Chi parla è Maurizio Bianconi, tesoriere del Pdl.
«Peppone», invece, è Ugo Sposetti, altrettanto battagliero deputato pd e storico tesoriere ds. Ma a difendere la barricata del finanziamento pubblico non ci sono solo loro.
Perchè il disegno di legge, che arriva molti anni dopo un referendum che abrogava i fondi ai partiti, rischia di essere svuotato di contenuti e fatto slittare dall’arrembaggio (con 150 emendamenti) più o meno palese di molti difensori della mano pubblica nei partiti.
Definirli semplicemente difensori della Casta sarebbe fare loro un torto.
Perchè il fronte di chi si oppone alla fine dei finanziamenti pubblici è variegato e porta con sè interessi privati, difesa di indifendibili sprechi e privilegi, ma anche qualche buona ragione. Bianconi parla di ddl ipocrita, perchè «se la gente vuole eliminare il finanziamento lo si elimina sul serio e non si usano palliativi come il 2 per mille. E non si introducono cose che fanno morire dal ridere, come i programmi per l’accesso in tv e la sede gratis ai partiti».
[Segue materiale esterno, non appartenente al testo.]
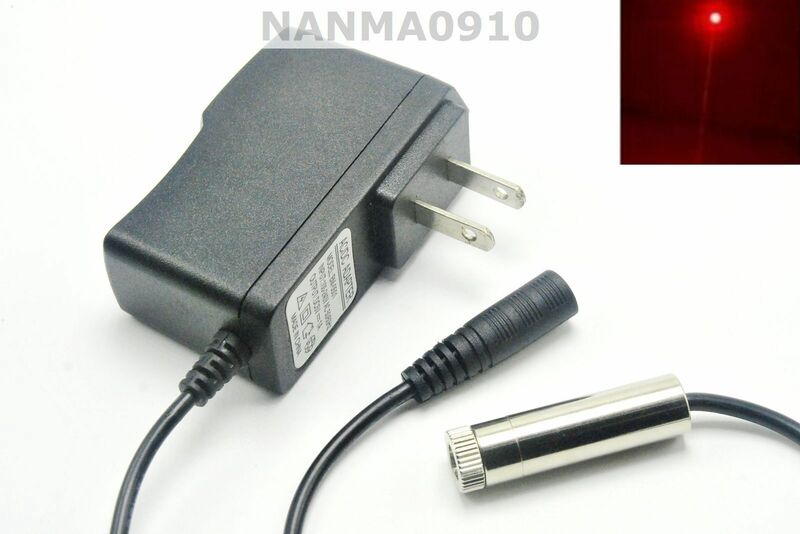 Ponto/linha/cruz focusable 650nm 50mw módulo de diodo laser vermelho w 5v fonte de alimentação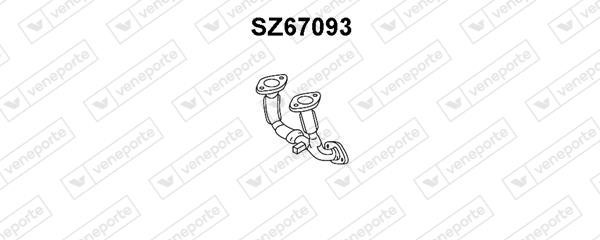 Veneporte SZ67093 Exhaust pipe SZ67093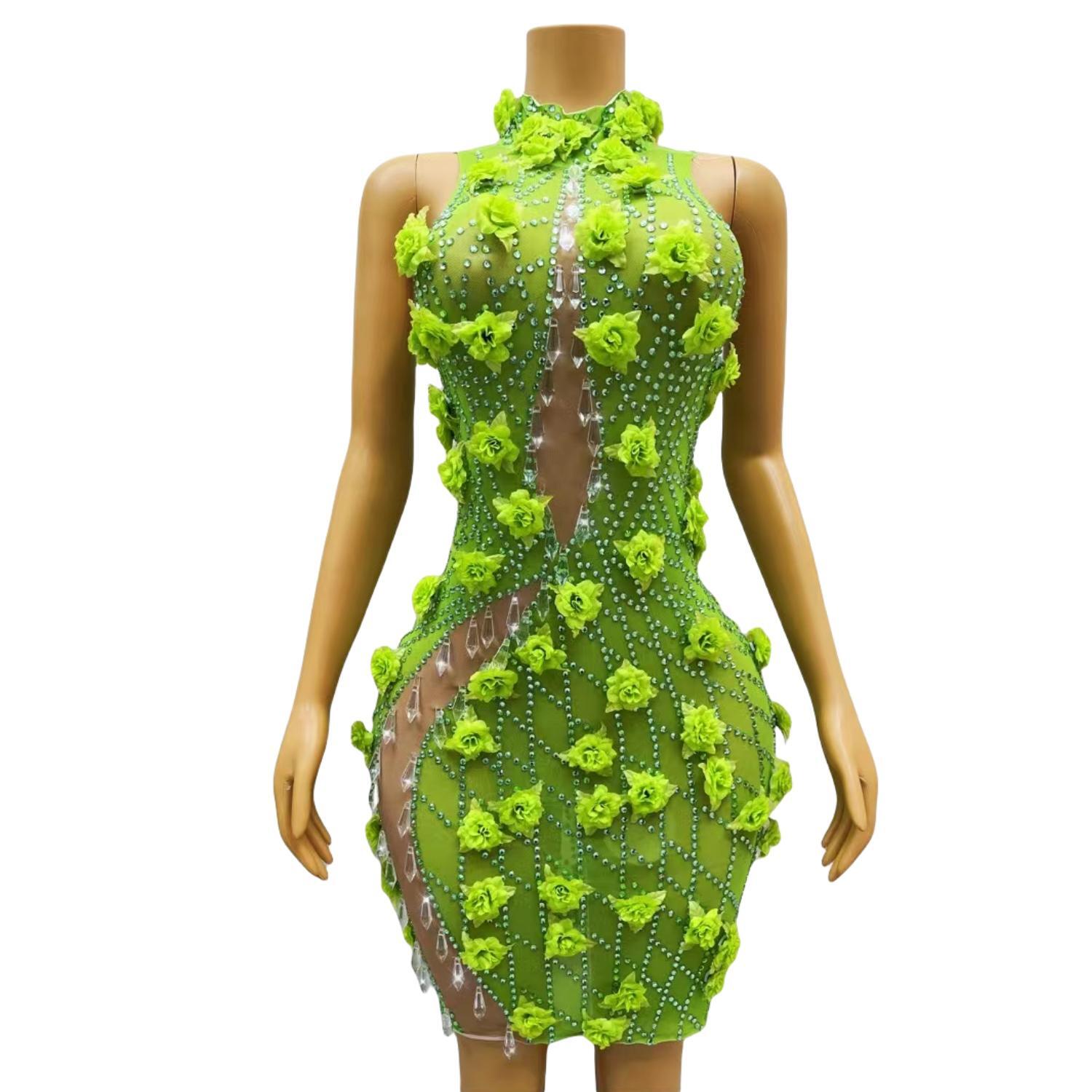 Şık Sparkly Kristaller Rhinest - Sparkly Rhinestone Club Party Dress incelemesi ve fiyatı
Lo scenario che disegna il tesoriere del Pdl non è rassicurante: «Da una parte c’è l’opinione pubblica che, più che togliere i soldi ai partiti, vuole ammazzare tutti i politici. Ci vuole tutti morti, impiccati. Fosse per loro chiuderebbero Camera e Senato e farebbero seimila piazzale Loreto. Mica li plachi togliendoci qualche soldo. Dall’altra, una legge come questa ci fa finire dritti nelle mani di poteri ben interessati: tecnocrati e poteri economici che vogliono indebolire una classe politica annichilita e paralizzata dalla paura».
Bianconi contesta «la pretesa di disegnare partiti da Unione sovietica, con commissioni nominate dai giudici».
E attacca la Corte dei Conti, che ha segnalato come gli incassi dei partiti siano stati di 2 miliardi per soli 500 milioni di euro spesi: «I magistrati sono gli unici che si sono dati l’aumento di stipendio: non hanno diritto di parlare».
Con toni diversi, anche sull’altro fronte politico, quello di Sel, si condivide l’analisi: «È una legge che ci mette fuori dall’Europa – sostiene il giovane tesoriere Sergio Boccadutri – Noi siamo favorevoli al finanziamento: c’è un cedimento culturale a un modello che, in assenza di leggi che regolino il conflitto d’interessi e le lobby, rischia di essere pericoloso».
A Boccadutri della legge non piace tra l’altro il meccanismo del 2 per mille: «È fastidioso: alla fine è lo Stato che ci mette dei soldi, quelli incamerati di meno dalle tasse. Soldi donati non sulla base del consenso ma del censo».
Il tesoriere sel contesta la mancanza di un tetto alle donazioni private, critica il fatto che le fondazioni possano ricevere soldi e rilancia la proposta del suo partito: «Un finanziamento da 18 milioni per Camera e Senato una tantum, per ogni singola elezione. Solo il primo anno, con il sistema del piè di lista. Come si fa anche in Australia».
Nelle resistenze dei partiti non è estranea la questione dei dipendenti. Pd e Pdl hanno 190 dipendenti a testa e con la riduzione dei fondi pubblici (già dimezzati dalle legge 96 del 2012) i loro posti rischiano.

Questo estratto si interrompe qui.